My Husband's Wife(36)
There was no doubt about it. Sarah Evans was speaking to me. What was going on?
‘I’m Lily Macdonald,’ I began, remembering at the last minute to use my new surname. ‘I’m returning your call about –’
Angrily, she cut in. ‘About my daughter.’
Relief flooded through me. Sarah Evans must have been named after her mother.
‘How can you defend that man?’ she hissed. ‘How could you?’
Relief was soon replaced by a sinking inside my chest. Wouldn’t I feel the same if I had a daughter? Until this point, I’d been more concerned with whether we could get Joe Thomas off.
But the distraught voice reminded me of my own mother’s words all those years ago. How could you, Lily? How could you?
My fingers began to sweat. Poor woman. Then I recalled the newspaper article and felt worse. She had cancer.
‘I’m so sorry, Mrs Evans, but I can’t discuss the case with you.’
Then, hating myself, I replaced the receiver and went to tell my boss the bad news about ‘losing’ certain papers that were vital to Joe Thomas’s appeal.
Now, in our flat, as I read the note that has just appeared under our door, I assume it’s from her. ‘How did she find me?’ I say, shaking. ‘How does she know where we live?’
‘She?’ Ed’s mouth is grim. ‘You know who wrote it?’
Briefly I explain what happened.
‘Why didn’t you tell me?’
‘Because we don’t have that kind of relationship.’ The words burst out of my mouth like an angry rush of bathwater. (It’s an image which has been haunting me ever since I took on Joe’s case.) ‘You never ask me about my day. All you do when you come back is draw or paint.’
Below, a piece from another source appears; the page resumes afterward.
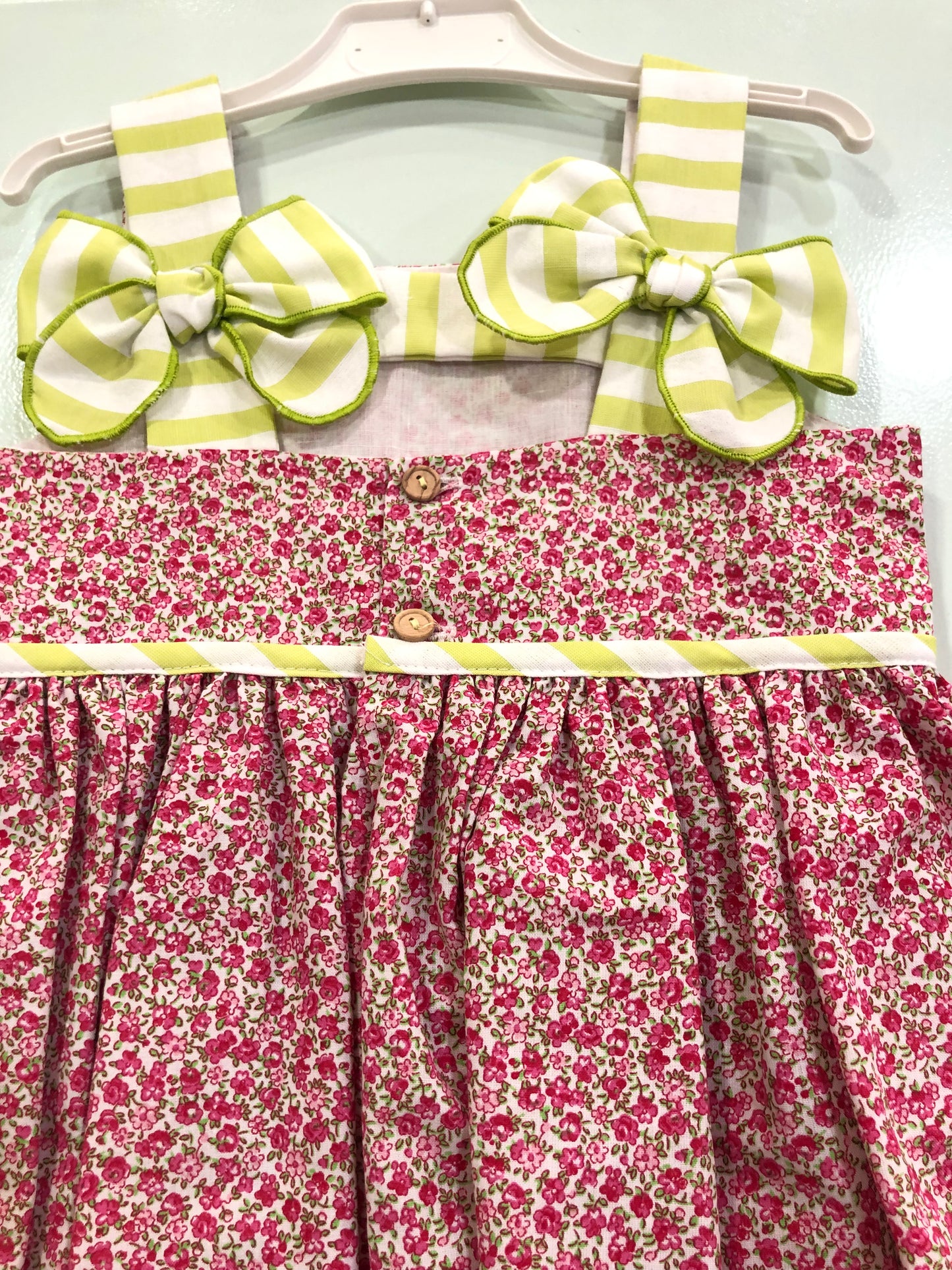 Vestido niña de tirantes con estampado de flores - Cuka verano 2024 - Detalle 2 - Moda Infantil Chicle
‘Please don’t argue, Lily and Ed.’
The little voice at my side reminds us that someone else is present. A child we are responsible for, if only for a day at a time.
‘Sorry, poppet.’ I put my arm around her. ‘Ed’s right. We need to see if your mother is back home now. I’ve got an important phone call to make.’
‘Can’t I stay while you do it?’
Those deep brown eyes are imploring.
‘Not today.’ Ed’s voice is firm. Then he looks at me. ‘Do you want me to call this woman?’
‘Why?’
‘I’m your husband.’
But what kind of husband doesn’t tell his wife he was previously engaged until after the wedding? Yet I can’t say any of this in front of the child. It wouldn’t be right.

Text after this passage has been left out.